# Dairy Goat Buck For Rent? Shelburne, Vermont



## Catherine Wright (Jan 5, 2017)

*
Hello!
Shelburne Farms in Shelburne, VT is looking to rent a dairy goat buck to breed one of our full sized does. We would love to start breeding as soon as possible.  Please email or call Cat if you have any suggestions or questions for me!  802.985.0344 or cwright@shelburnefarms.org   Thank you!! -Cat*


----------



## Latestarter (Jan 5, 2017)

Greetings and welcome to BYH Cat. I'm in TX so can't help you out, but hope you can find what you're looking for. Good luck!


----------



## TAH (Jan 5, 2017)

I think @purplequeenvt is in VT. I am not sure where but she may be able to help.


----------



## NH homesteader (Jan 5, 2017)

Yeah I'm in NH but I don't know any full size dairy goat people.  Everyone I know has Nigie or pygmy bucks.


----------



## Bruce (Jan 5, 2017)

@purplequeenvt has sheep, I don't recall seeing any goats.
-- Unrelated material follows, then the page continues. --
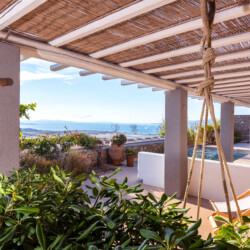 outdoor area with sunbeds, swimming pool and beautiful garden with a panoramic view from mykonos in villa ammolite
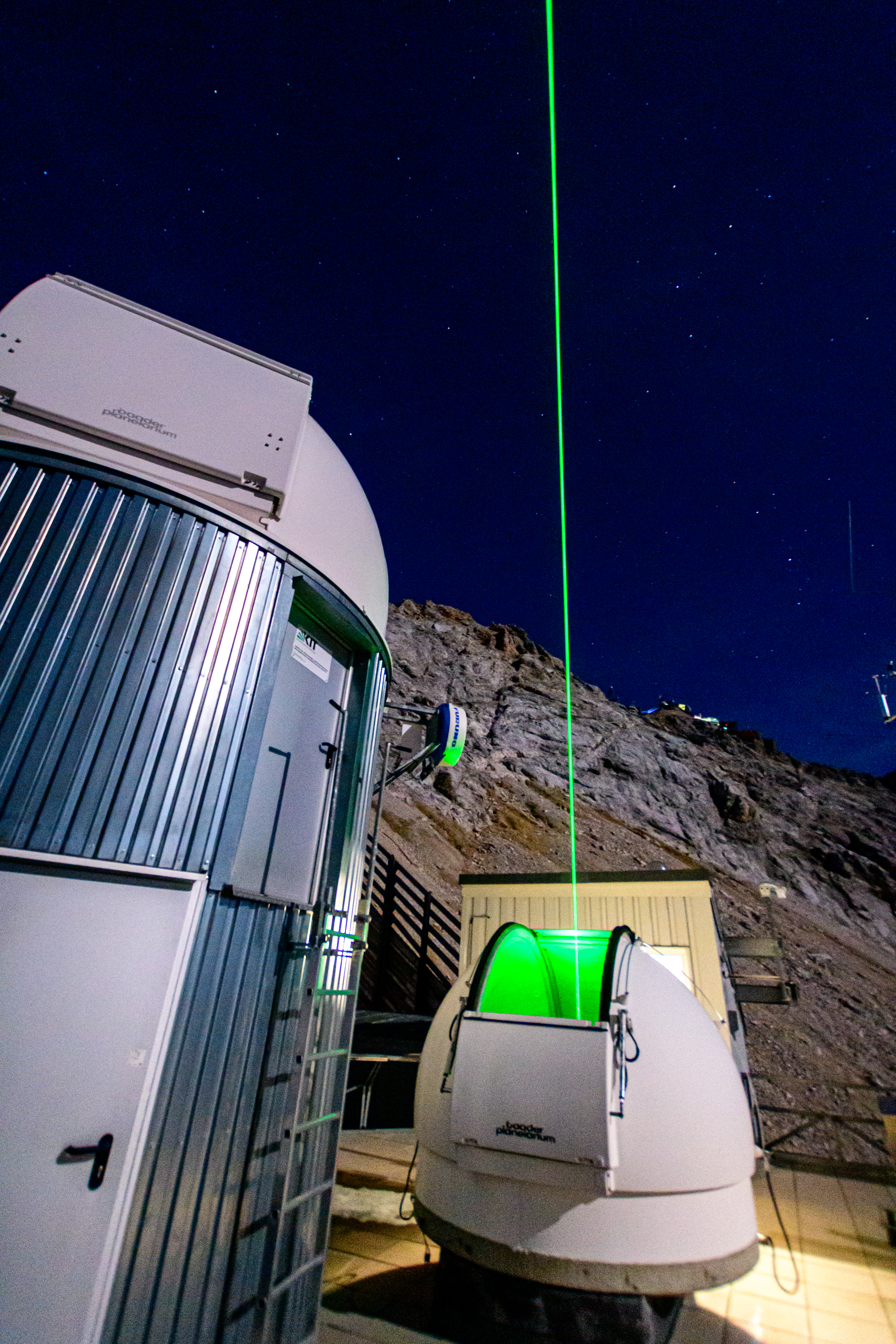 Dieses Bild zeigt wie ein grüner Laserstrahl aus einer alpinen LiDAR-Kuppel in den Nachthimmel vertikal nach oben leuchtet.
There are a number of people in Vermont making goat cheese but I have no idea what breeds they are using. Perhaps contacting the Vermont Farm Bureau would be helpful. I know some have been profiled in Vermont Fences (VFB magazine).


----------



## TAH (Jan 5, 2017)

Bruce said:


> @purplequeenvt has sheep, I don't recall seeing any goats.[/QUOTE/]
> Shows goats on her website.


----------



## NH homesteader (Jan 5, 2017)

I usually just use Google...  But the farm Bureau would also help!


----------



## Bruce (Jan 5, 2017)

TAH said:


> Shows goats on her website.


Hmm, true enough! Maybe we didn't look in that shed.


----------



## purplequeenvt (Jan 6, 2017)

We don't have goats at the moment. I sent her an email with contact info for someone that might be able to help. 

The website hasn't been updated in a while.  Never enough time to do everything.


----------